Despite her body of progressive, feminist, political work, I sort of like this poem of hers that is not even one of those things.  Armed with a set of images both particular and peculiar, “Beck and Benny in Far Rockaway” speaks more to nostalgia and the twentieth-century Jewish experience.

Near the Atlantic Ocean, past the last subway station,
Streaks of sand on the sidewalk,
Armies of ageing Jews soaking up sun
As if it were Talmud,
And the rickety white stairs
To an apartment like a frail body.

My uncle and aunt were both warty, like alligators.
They set a lunch on the oilcloth-covered table.
I felt peculiar about the smells.

The lunch seemed to go on all afternoon,
Anxious syllables floating over my head like fireflies.
Shayne maydel was me.
Eat, they said in English, eat.
So I ate, and finally reached the pastoral scene,
Bo Peep, pink roses, green leaves
At the dish bottom,
One of those sweet, impossible memories
Jews used to buy themselves in America.

The two of them beamed,
Gold-toothed, as if their exile were canceled.
You should eat and be healthy, they said.
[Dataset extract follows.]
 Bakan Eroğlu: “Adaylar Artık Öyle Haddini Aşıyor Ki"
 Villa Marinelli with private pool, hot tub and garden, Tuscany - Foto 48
There are so many lines and images in this poem I want to highlight, but the real gut-punch in this poem is Ostriker’s wonderful image of eating down to the bottom of a bowl, showing us the idyllic picture inscribed, and then reminding us how, in America, such idyll can be purchased, but not necessarily attained.

So come, I say in English, come. You should come see Alicia Ostriker and be healthy, October 8, 7:30 p.m. in the Krannert Room of Clowes Hall. Anxious syllables will float over your head like fireflies.